Tasha Amezcua and Z Bell
Tasha Amezcua, SOS Program Coordinator, Audre Lorde Project (R) & Z Bell, Membership organizer, Brooklyn Movement Center (L)

Tasha Amezcua, coordinator of the Audre Lorde Project’s Safe Outside the System anti-violence program, described instances of Islamophobia she encountered as the community was in mourning. At one point, she received an email from an elected official that referred to the Orlando Massacre as a terrorist attack and losing Enrique Rios Jr. during the attacks. Enrique Rios Jr. was from Bed-Stuy which has a significant Muslim population.

“Referring to it as a terrorist attack and not a homophobic attack really was not looking out for our siblings and community,” Amezcua says. “I think there is a huge risk and danger of a new homonationalism that is white supremacist and Islamophobic.” At a BRIC hosted town hall on LGBTQ Civil Rights on Tuesday night, Professor Katherine Franke, the Director of Columbia University Center for Gender and Sexuality Law, made a similar point regarding use of the word “terrorist.” “I resist using the words “terror” and “terrorism,” Franke said at the event, citing that the words took on a new meaning after September 11th. “I think [these words] are necessarily infused with Islamophobia in this country,” Franke says.

Amezcua described a moment on the way to the Audre Lorde Project’s vigil for Orlando at a local Botanica. When she told the person at the counter what the candles were for, she received a double-edged response. alp vigil“She was an elder black woman and she said ‘I wish I could be there with you all, I can’t believe this happened’” Amezcua describes. “We all kind of lit up in that moment and [we] were really grateful,” Amezcua said.

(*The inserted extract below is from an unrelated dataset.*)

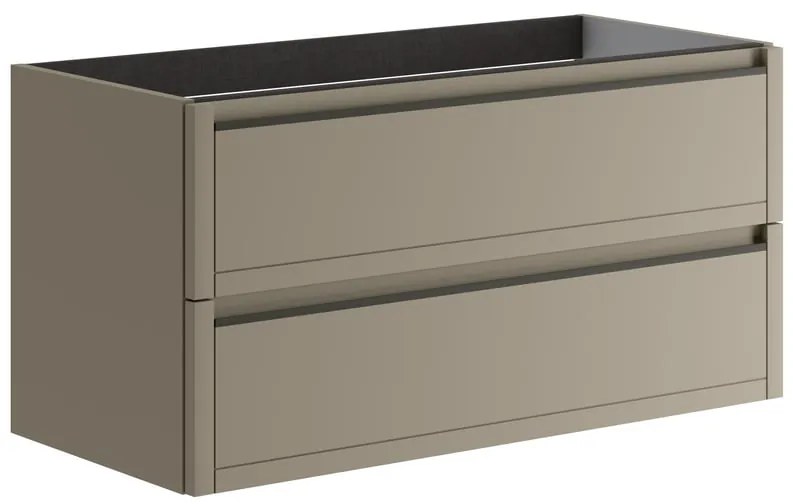 Mobile da bagno sospeso sotto lavabo L 99.5 x H 50 x P 45.5 cm marrone opaco, 2 cassetti Tratto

But then, according to Amezcua, the woman said, “You know, now that they let everyone over here, what do you expect to happen.”

“Those of us that have been organizing on the ground for racial justice understand the intersectionality of Christian supremacy, White supremacy, and a level of war and genocide that completely obliterates the rights to have religious, faith, spiritual practice connected to our racial, gender, and sexual identities,” Page says. Page ultimately believes that addressing militarization of police is as important as addressing gun violence as a whole. She and other long-time activists have come out against the impulse to reach out to police and state protections for safety against future violence. “Pulse could never secure our safety as a club, but police will never secure our safety either.”

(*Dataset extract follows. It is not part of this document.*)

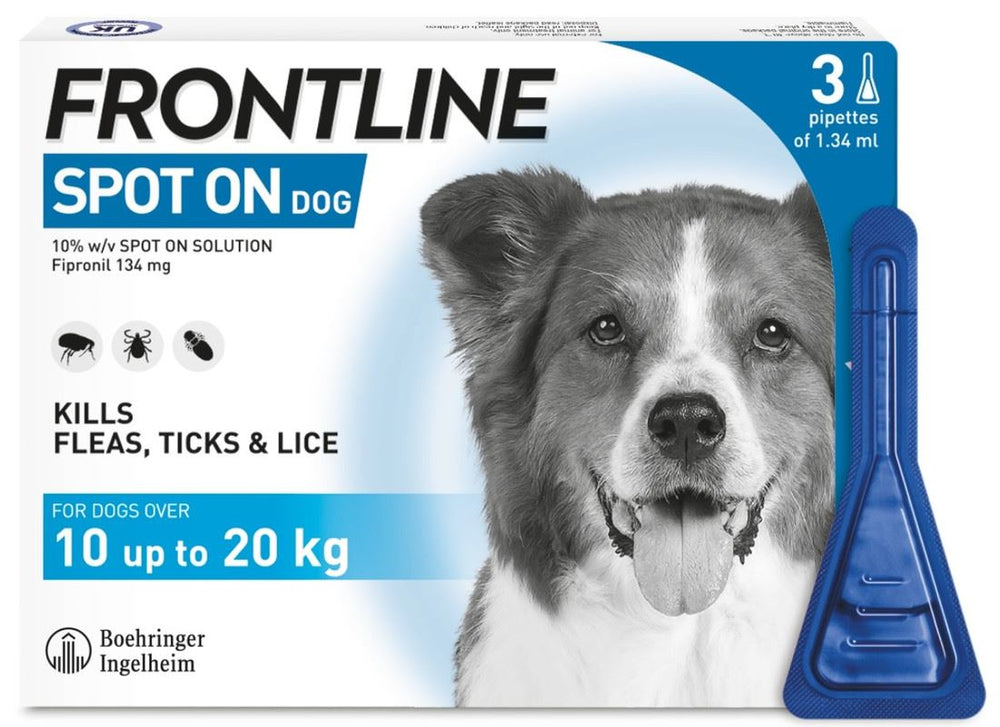 FRONTLINE Spot On Flea & Tick Treatment For Medium Dogs 10-20 kg 1, 3 and 6 Pipettes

“In the coming days you will see expanded police presence,” Mayor Bill de Blasio said in a press conference Sunday. “Many key sites around the city, again particularly at sites of importance to the LGBT community.” Grieving the dead, healing the community and processing this tragedy are the next steps Page believe need to be taken. “We have to go deeper and look at their root causes that even allow this kind of gun violence,” Page says. “Not an anti-gun policy or law but a demilitarization of policing and really understanding war and genocide as, to quote Angela Davis ‘an economy of violence’ that we are all a part of. Whether or not we are harmed by it or perpetuate it, we are participating and if we are not looking at the root causes that build it through capitalism and white supremacy, then we will not shut this down,” she says.